Transcribe, exactly and in full, every record shown below, while omitting its images.

MATERIAL FOR THIS EXERCISE:
- - -

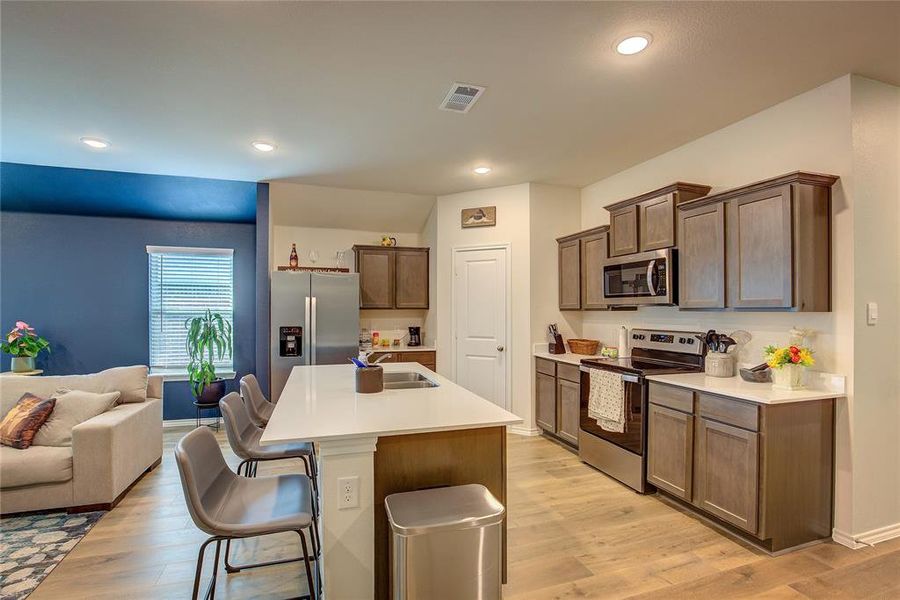 Furnished interior view inside a new home in , Crandall (Image 22). Furnished interior view inside a new home in , Crandall (Image 22).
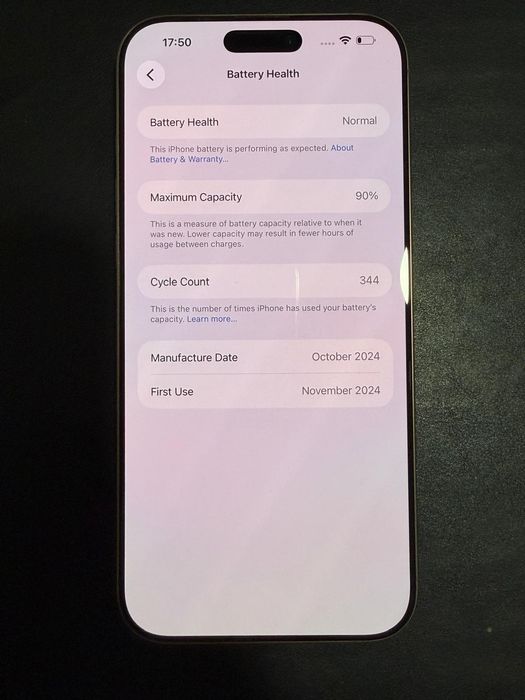iPhone 16 Pro Max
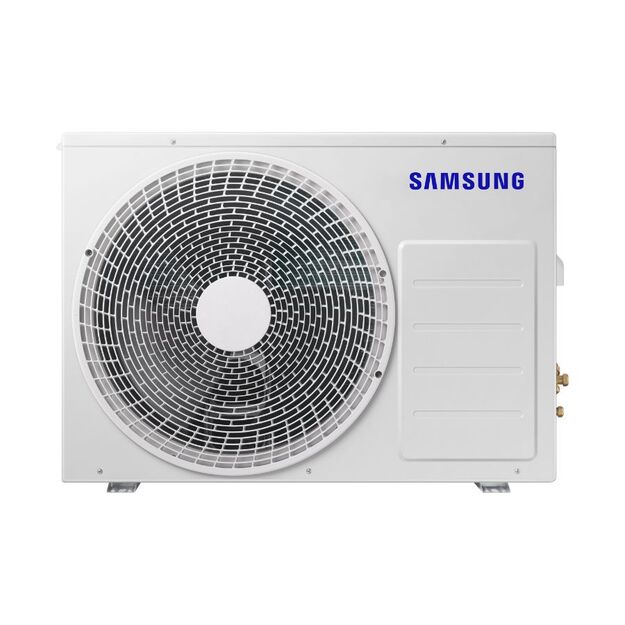 SAMSUNG oras-vanduo 4.4/5.0 kW SPLIT šilumos siurblio KOMPLEKTAS (be tūrinio šildytuvo) - Image 2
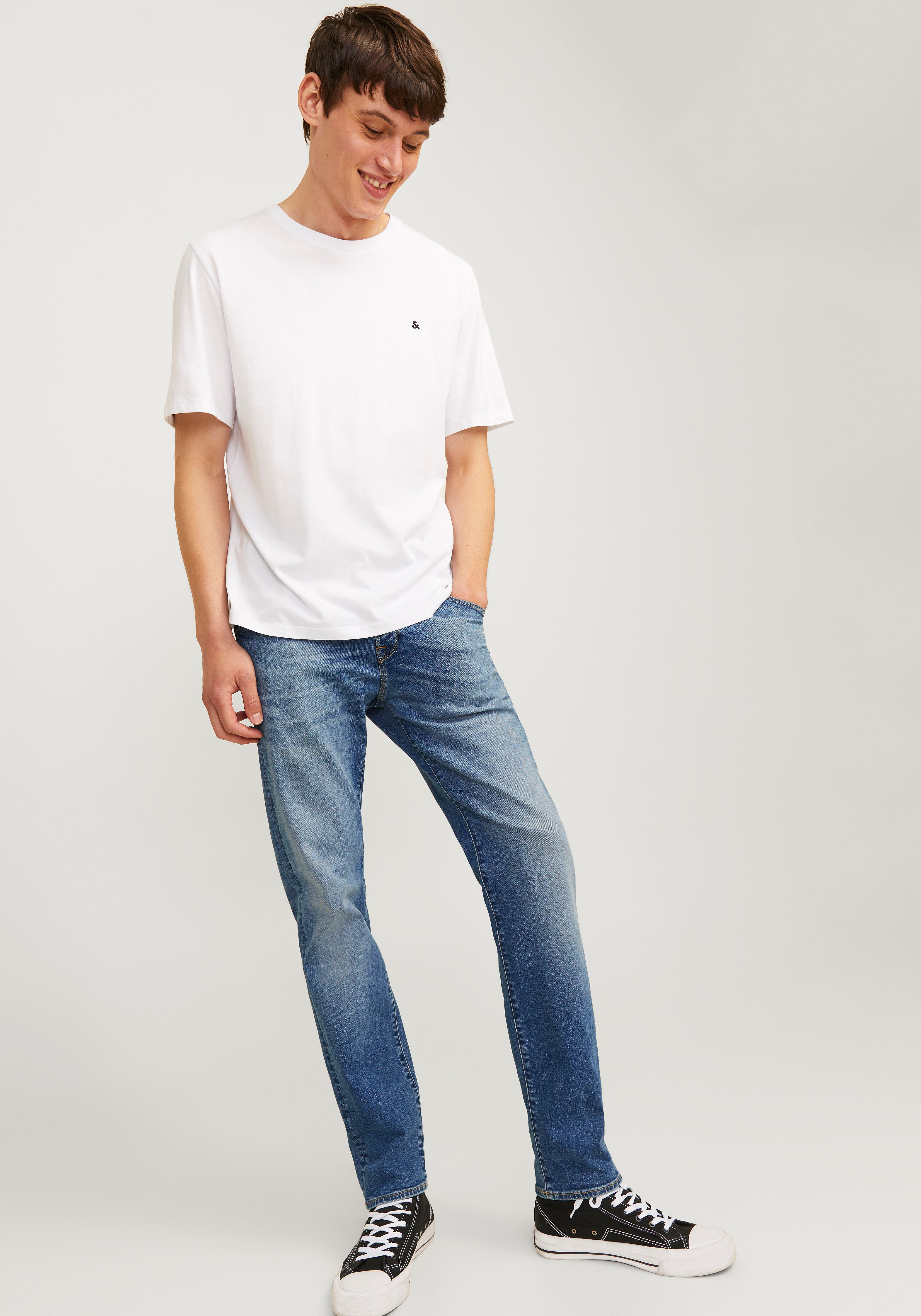 Jack & Jones Tapered jeans JJIMIKE JJFOX CB 055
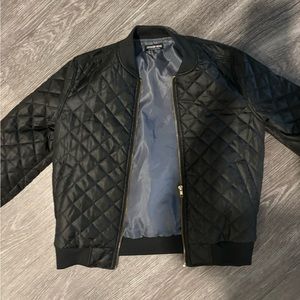 Black Fashion Nova Bomber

- - -

RESPONSE:
 Furnished interior view inside a new home in , Crandall (Image 22). Furnished interior view inside a new home in , Crandall (Image 22).
iPhone 16 Pro Max
 SAMSUNG oras-vanduo 4.4/5.0 kW SPLIT šilumos siurblio KOMPLEKTAS (be tūrinio šildytuvo) - Image 2
 Jack & Jones Tapered jeans JJIMIKE JJFOX CB 055
 Black Fashion Nova Bomber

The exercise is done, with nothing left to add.